• **INSTRUCTIONS FOR THE TASK**:
Beginning with the line containing "This is just" and going on through the line containing "Telephone numbers and", the lines below are to be returned exactly, pictures excluded and nothing added.

━━ RECORDS TO USE

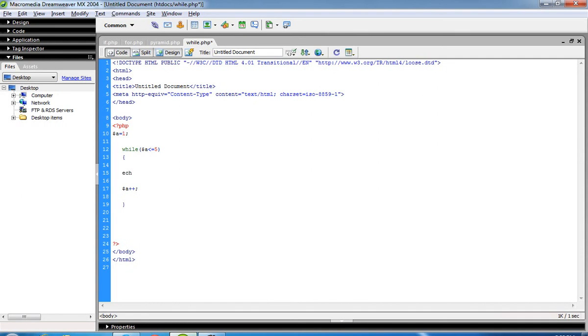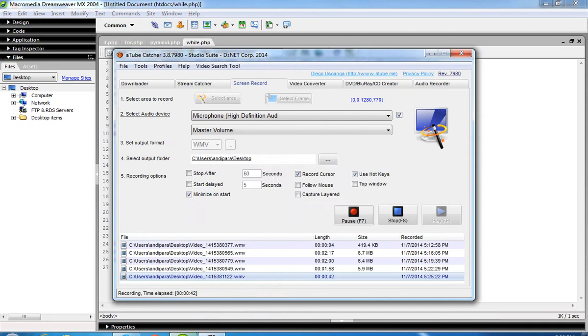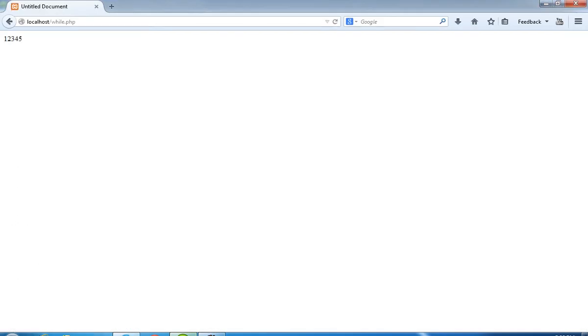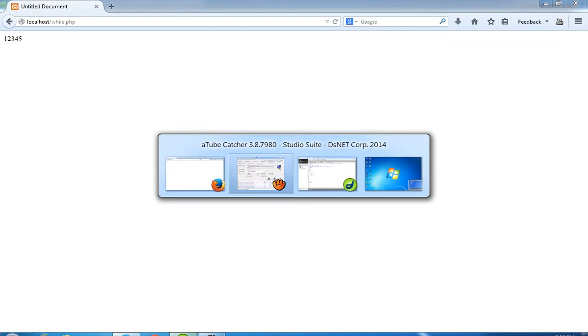And here we have to print the $a value. You can see we get 1, 2, 3, 4, 5.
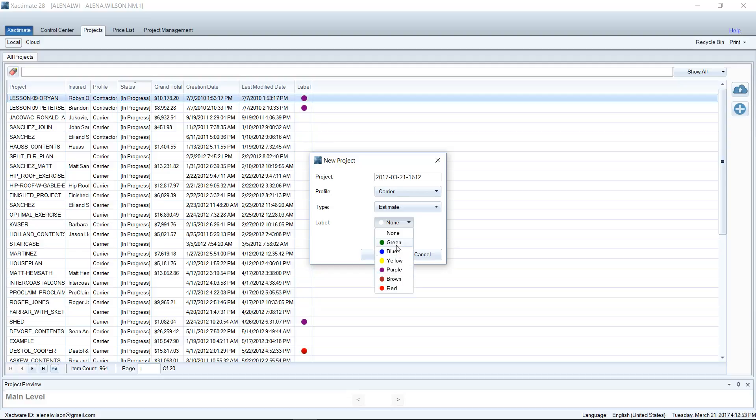I've also seen these colors be assigned to different types of losses. So if you're a mitigation company, blue might be water, brown might be smoke. It's just depending on how you want to use that in that direction. If you have multiple different types of losses, same with restoration companies, they'll do the same thing. Green could be mold. I mean, get real creative with this labeling system.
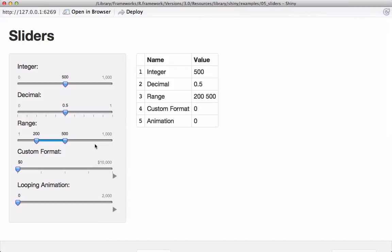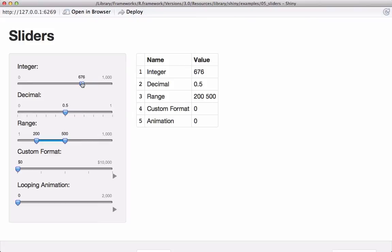These are sliders, or called slider input widgets in Shiny. A simple example is the first one where we give the range — the minimum, the maximum value, and the default value where we want the slider pointer to be. We can choose the value we want using this slider, and in the main panel against this integer we can see that the value is changing in real time. The second slider is an example of decimal points — when changing the values there is a step value given and based on that step value it changes.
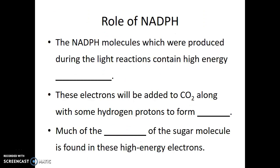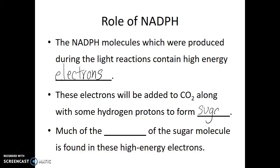Now, in order to make an organic molecule, one thing that's required is a bunch of high-energy electrons. The NADPH molecules, which were produced during the light reactions, contain these high-energy electrons. You may remember we had described NADPH as a shuttle bus for electrons. These electrons are going to be dropped off — added to carbon dioxide, along with some hydrogen protons, to form sugar. Much of the energy of the sugar molecule will be found in these high-energy electrons.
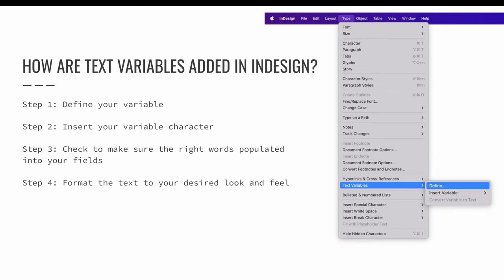This is just one type of text variable. It will be a running header text variable, but feel free to explore the many other options that are available to you in InDesign.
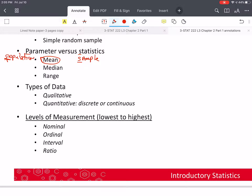Telephone numbers and zip codes are good examples of qualitative data. Even the numbers on the back of sports jerseys — number seven just identifies that person. Then there's quantitative data, where the numbers behave like numbers and we can add, subtract, multiply, etc.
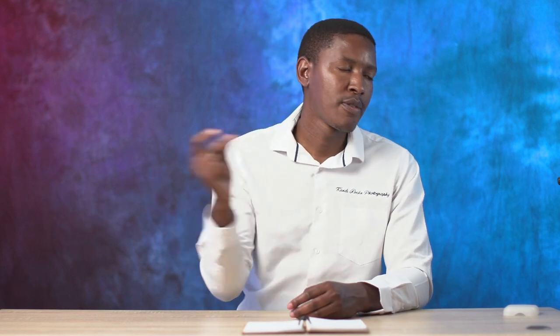Without wasting time, this is your first time, this is your boy Kahiso M. Let's jump onto DaVinci Resolve.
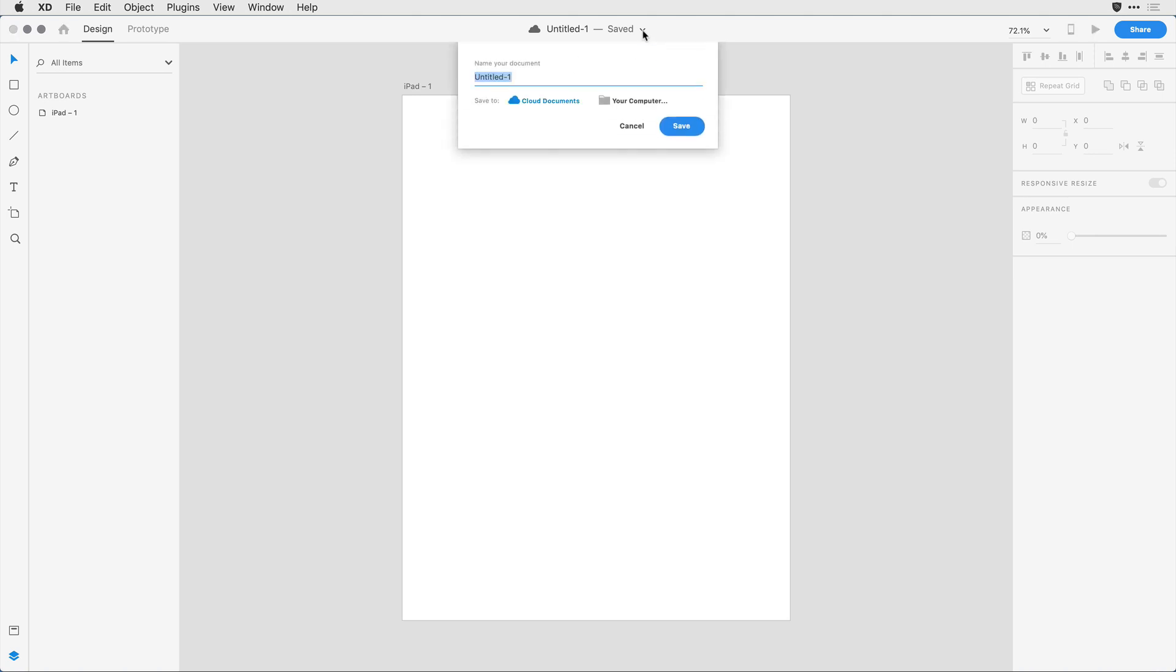When I click on it, it allows me to come in and name my document. Let's say I want to call this Real Design Variations.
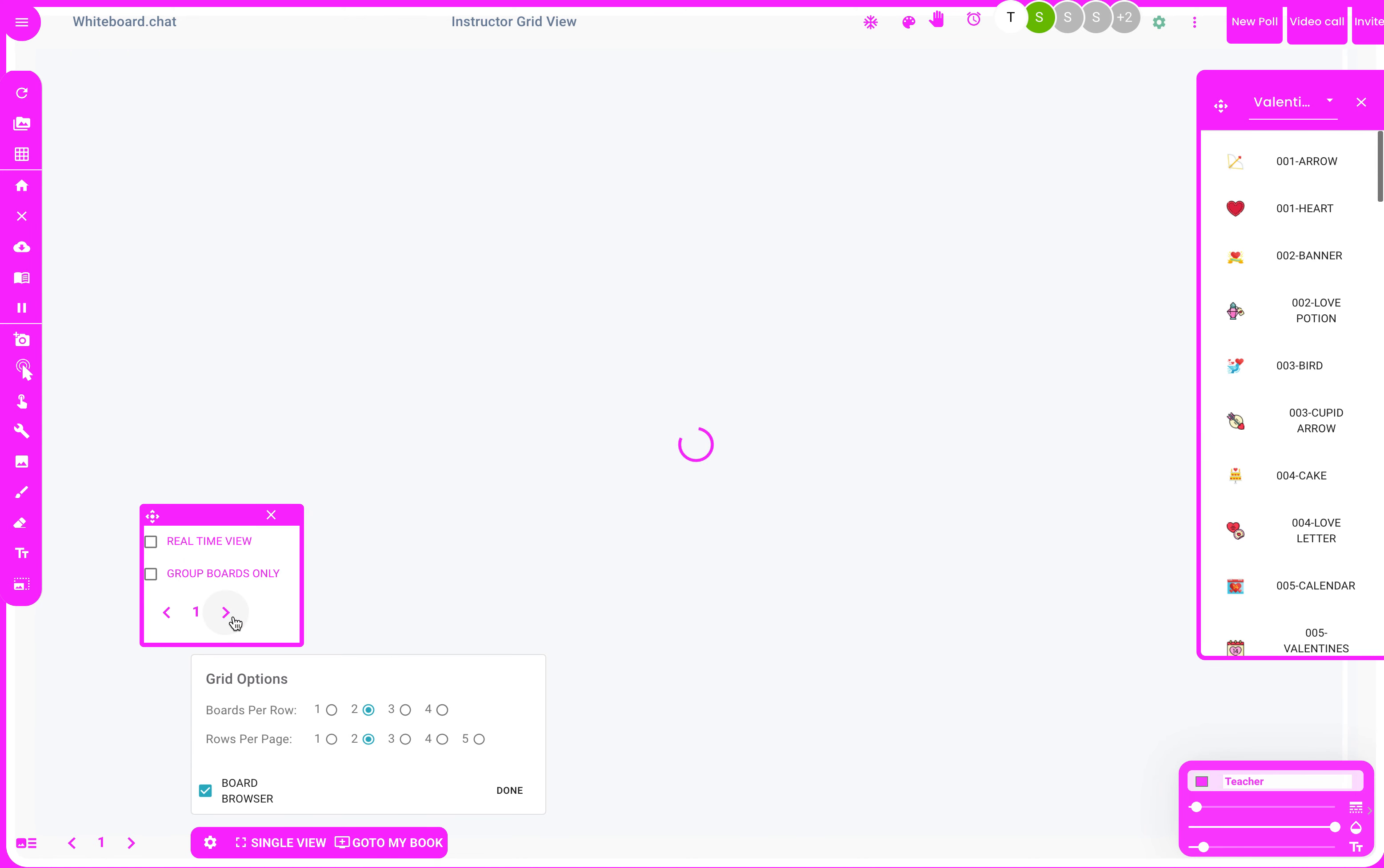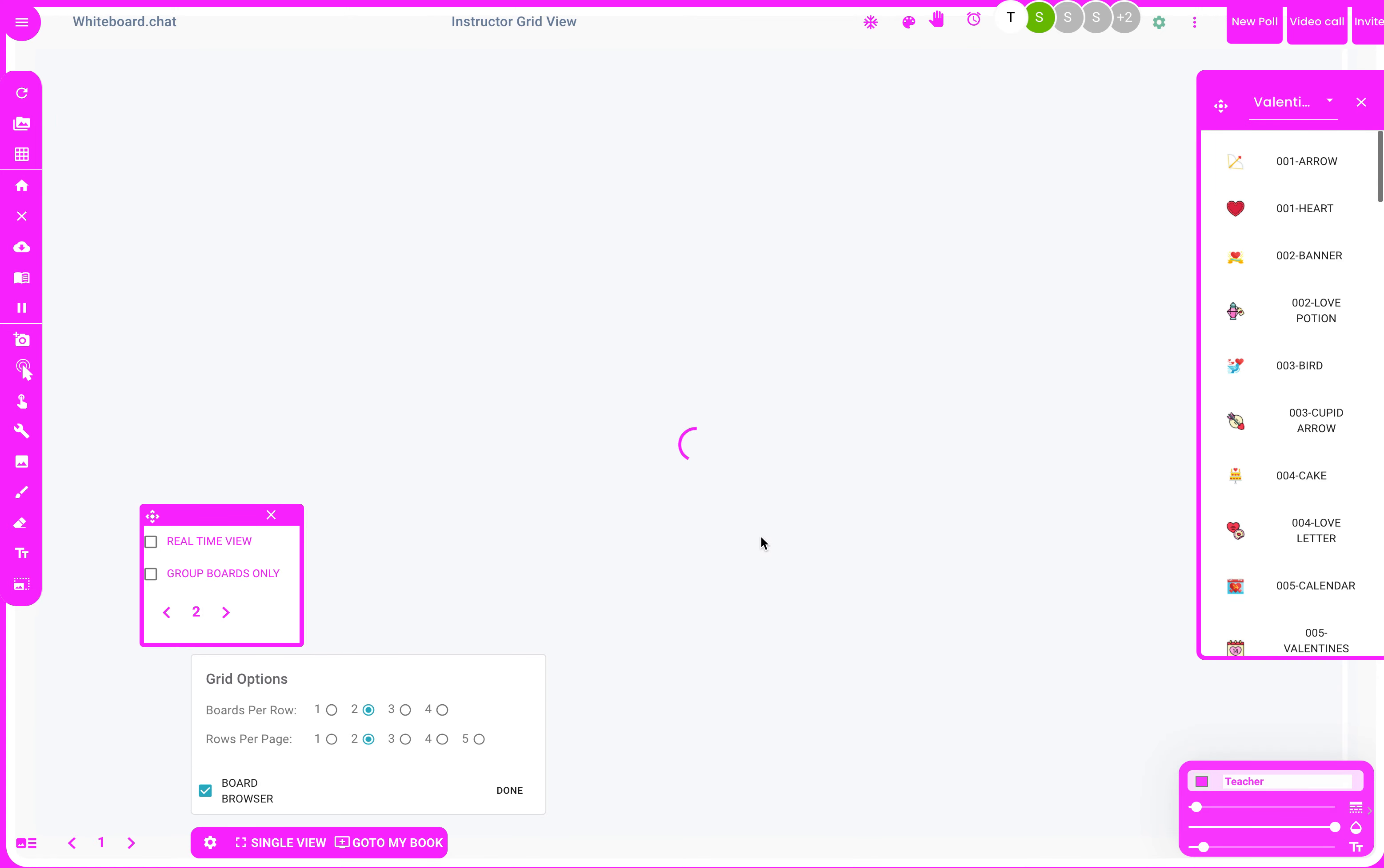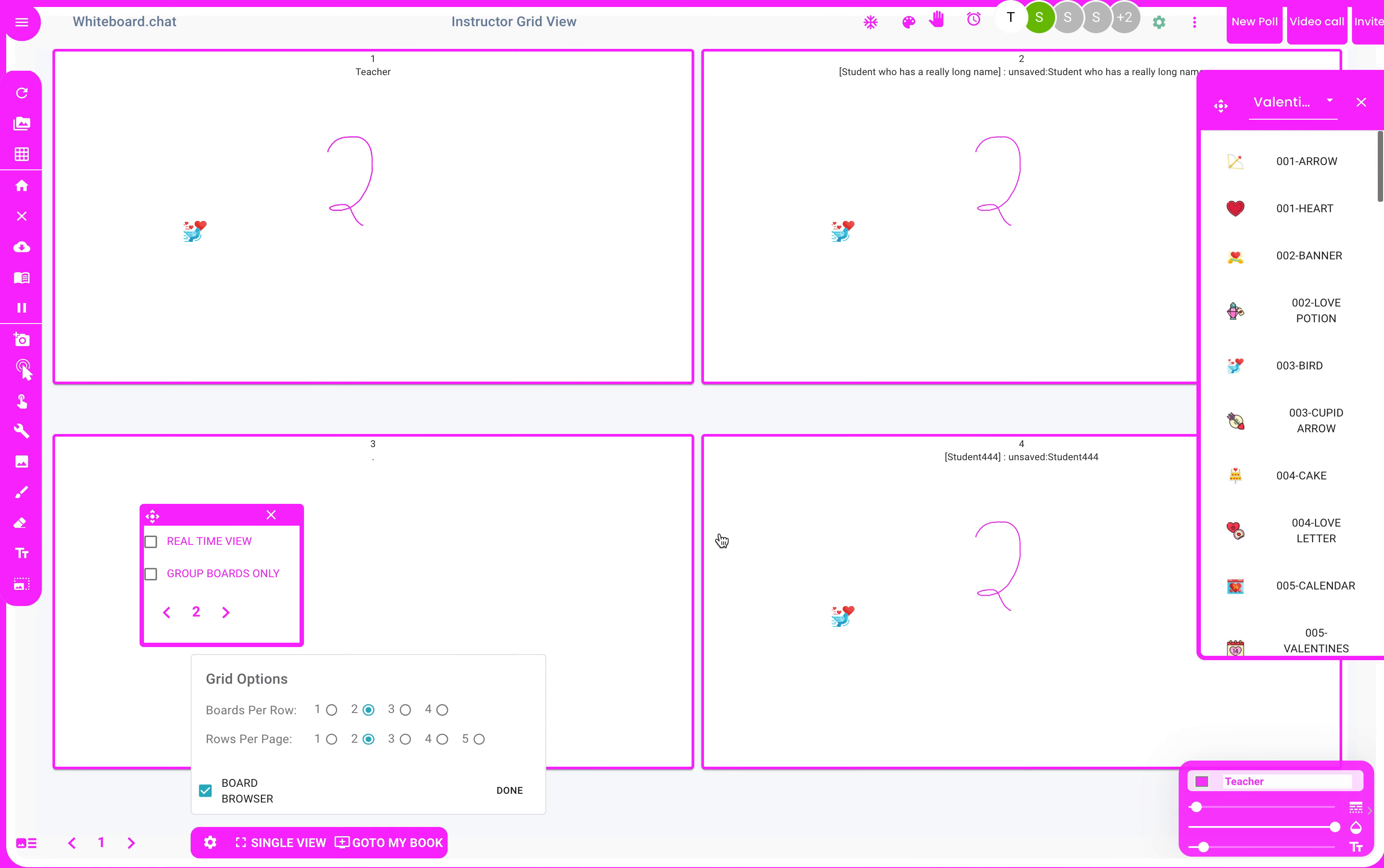browse through everybody's pages. If you were to go to page number two, everybody's page would turn to page number two in grid mode. Right now, you can place stickers from here as well. Just pick your sticker, click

━━━━

• **REPLY**:
This is just one type of text variable. It will be a running header text variable, but feel free to explore the many other options that are available to you in InDesign.
Telephone numbers and zip codes are good examples of qualitative data. Even the numbers on the back of sports jerseys — number seven just identifies that person. Then there's quantitative data, where the numbers behave like numbers and we can add, subtract, multiply, etc.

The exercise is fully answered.